|
16 of 17 people found the following review helpful:
5.0 out of 5 stars
Van Riper Shows Us The REAL Maine, September 20, 1999
By A Customer
A summer resident of Maine's easternmost corner, Frank Van Riper goes beyond clam shacks, country clubs and outlet malls to portray how people 'Down East' eke out a living and build a life.Van Riper, a former White House correspondent for the New York Daily News ably handles both camera and notepad to record vivid, full-frame images of his neighbors. This is fundamentally a book about people, and he has clearly managed to transcend that putoffishness that Maine residents are known for to get their stories alongside their pictures. The text doesn't merely accompany, nor do the photos merely illustrate; they are inseparable components. There is a timeless quality to these images of people, most seen at work. Only at times does a modern watch or a radar dome on a boat remind you that clams are still dug through back-breaking labor and lobster hauled up one or two at a time. The book was collected over a number of years, and italics note where the subject portrayed died between the portrait and publication -- and you feel the loss. This is serious documentary, with more than a hint of Walker Evans and Sebastián Salgado, but with light touches as well.
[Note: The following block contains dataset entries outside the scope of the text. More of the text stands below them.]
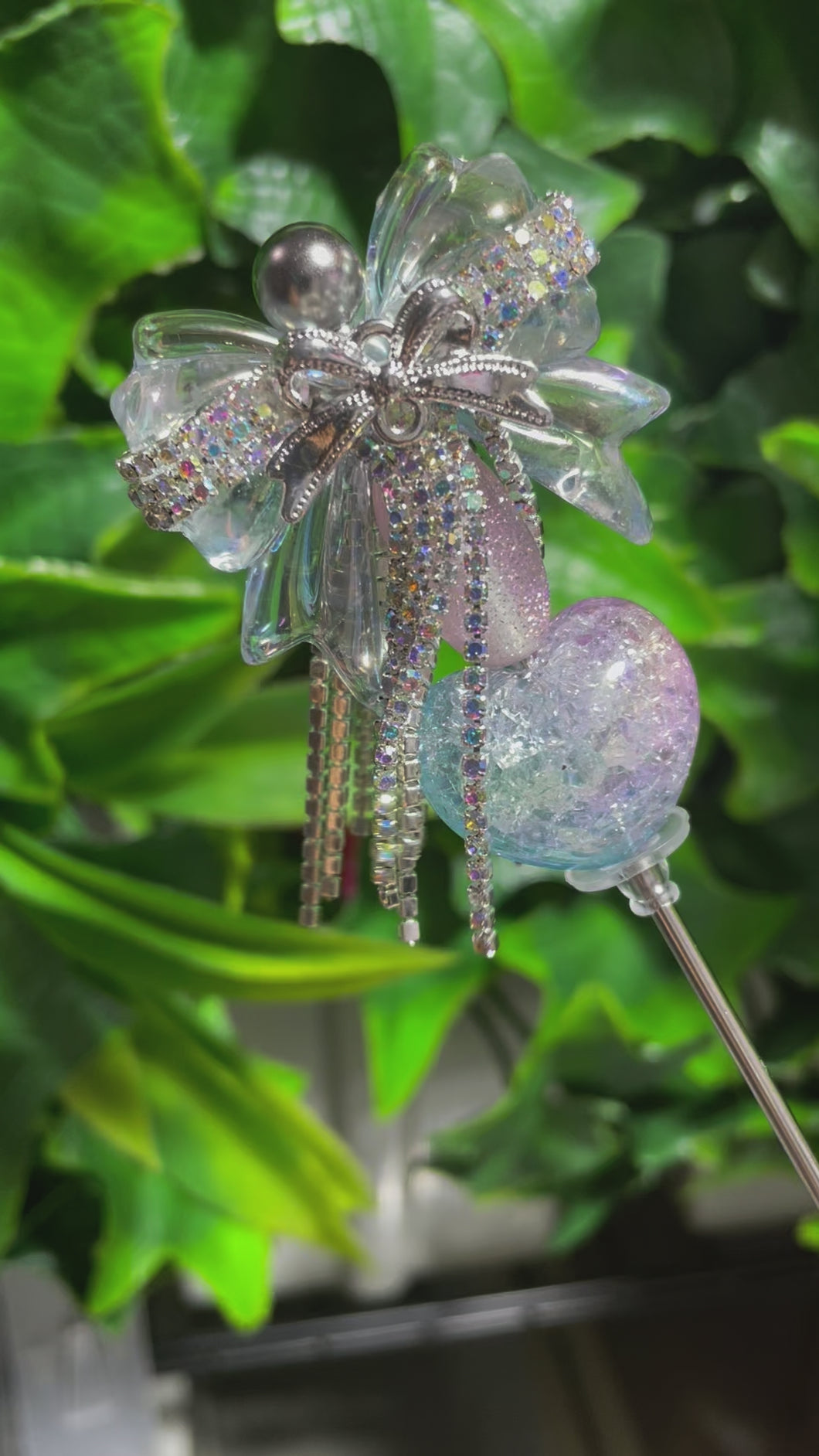 Rhinestone Bow + Heart Glitter Poker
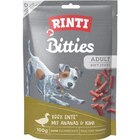 Aktuelle Ente Angebote bei Zookauf in Bremen Aktuelles RINTI Snack Bitties mit Ente & Ananas & Kiwi 100 g Angebot bei Zookauf in Bremen ab 1,99 €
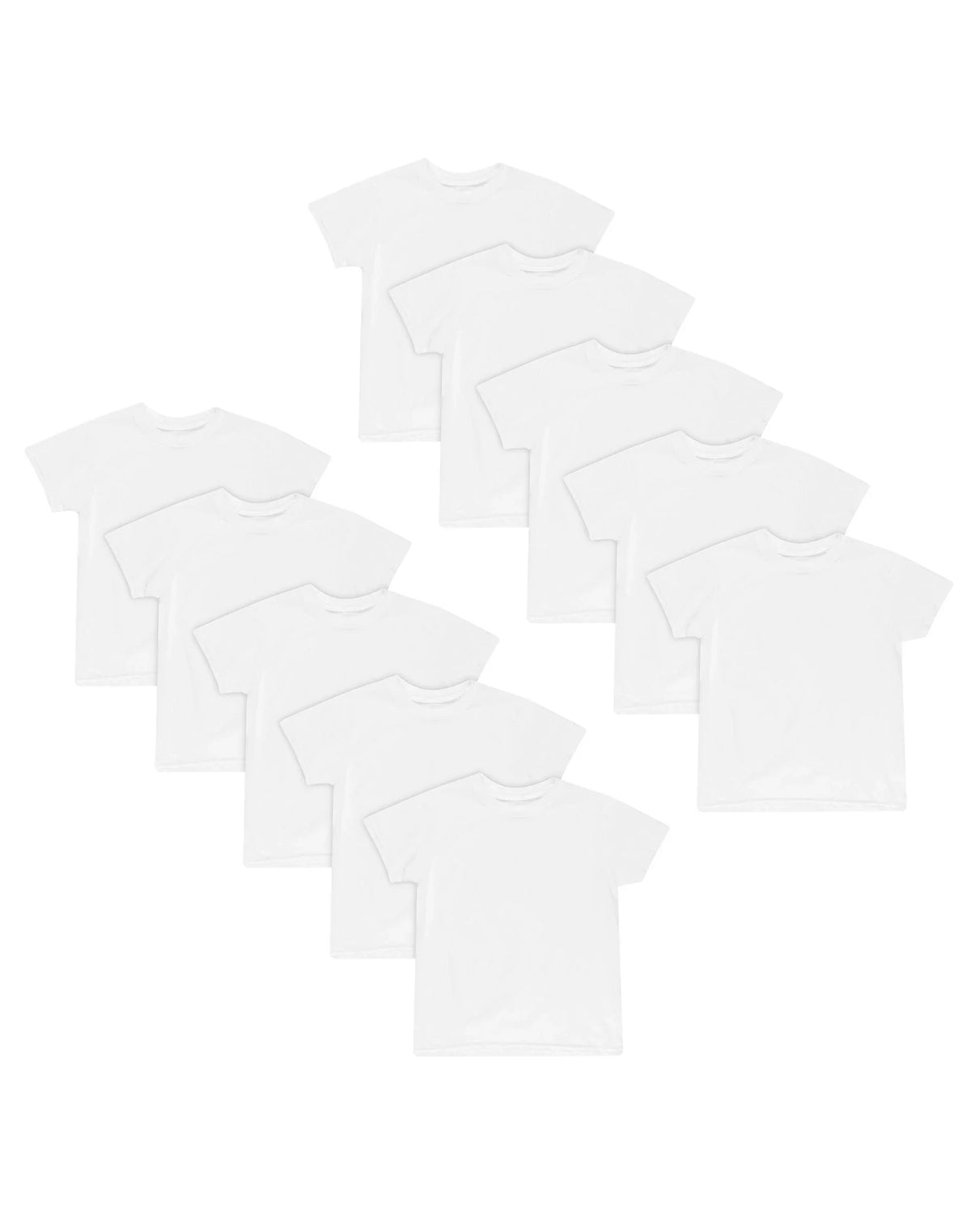 Hanes Boys' Undershirt T-Shirt Pack, 10-Pack, White Main image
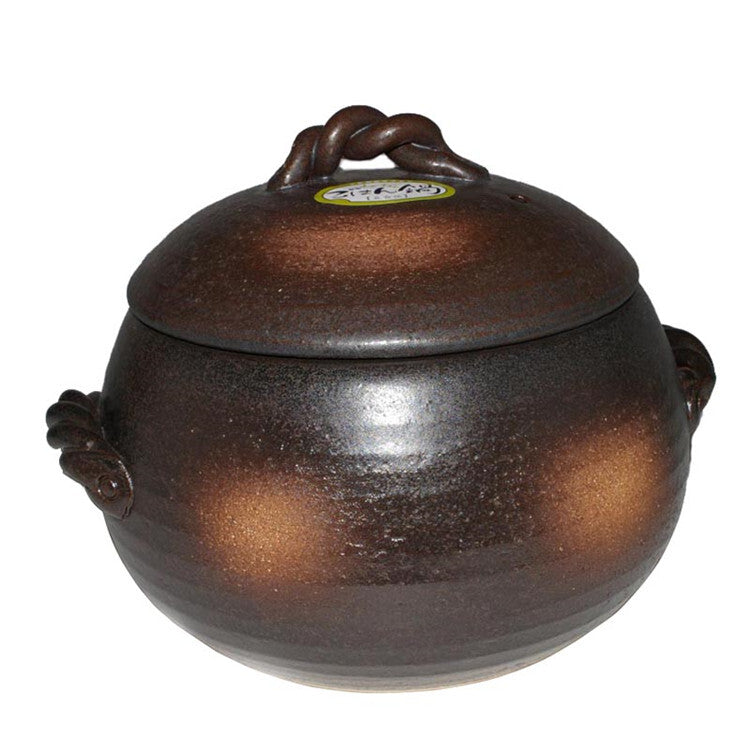 Japanese Yorozufuru-sho Brown Donabe Chestnut 7# Rice Clay Pot  - Made in Japan - 4L - SILBERSHELL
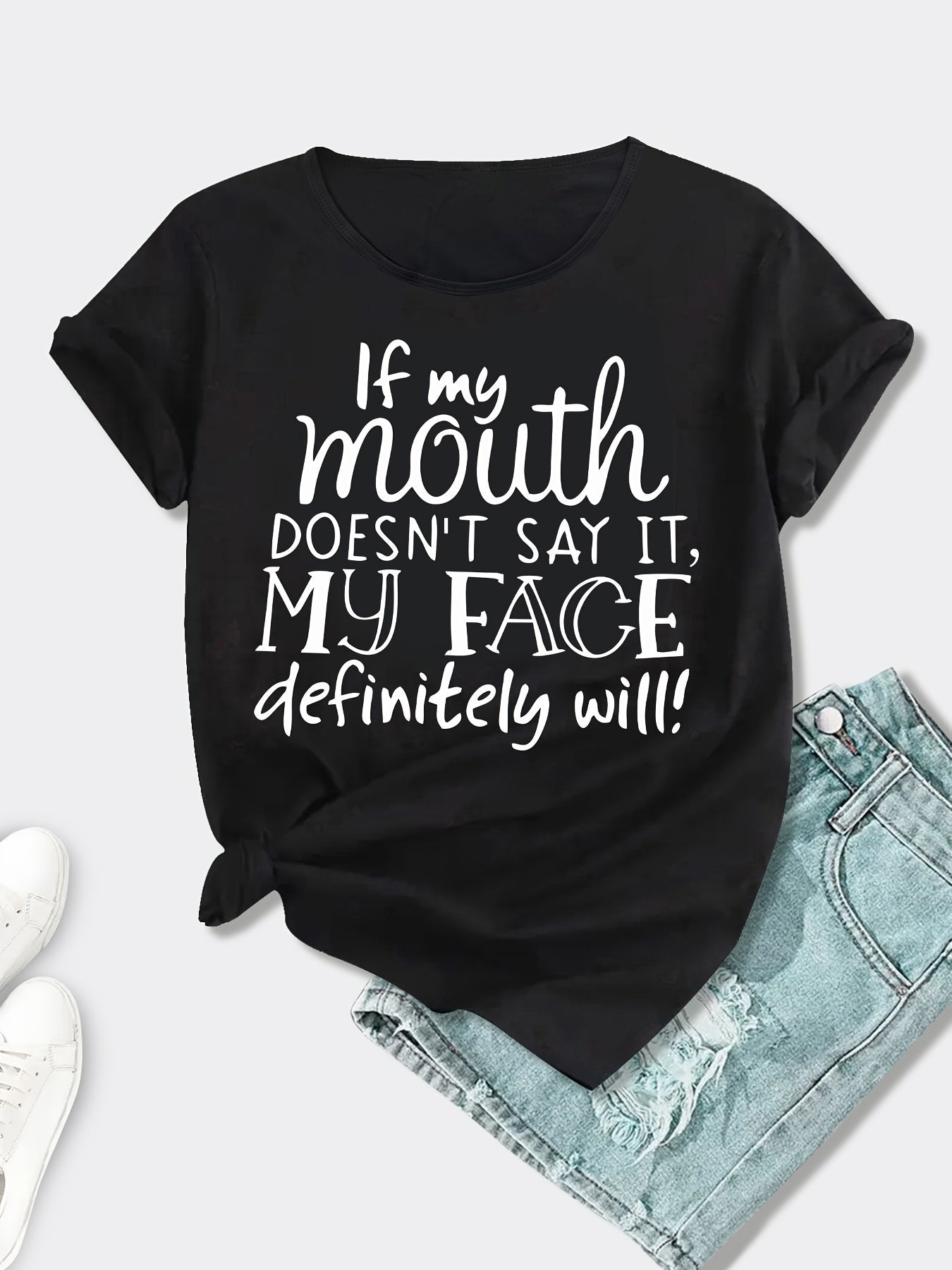 Casual dames T-shirt met humoristische tekst – Ideaal voor de zomer, trendy stijl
Van Riper devotes a page to the peculiar delight of Maine's own Grape Nuts ice cream, a confection that predates -- and in his view, outrates -- Ben and Jerry's chunky conglomerates. A visually stunning series of what happens when a dead whale washes ashore in his small town of Kennebec closes out the book. The sharply mottled skin of the whale amid the wash-fade of a foggy illustrate the beauty of his corner of Maine, as Van Riper also tells us of hard choices a financially strapped, self-reliant community must face as it struggles to get rid of what is, after all, tons and tons of rotting flesh. This sensitive portrayal proves that what it means to be from Maine has nothing to do with what bottled water you drink.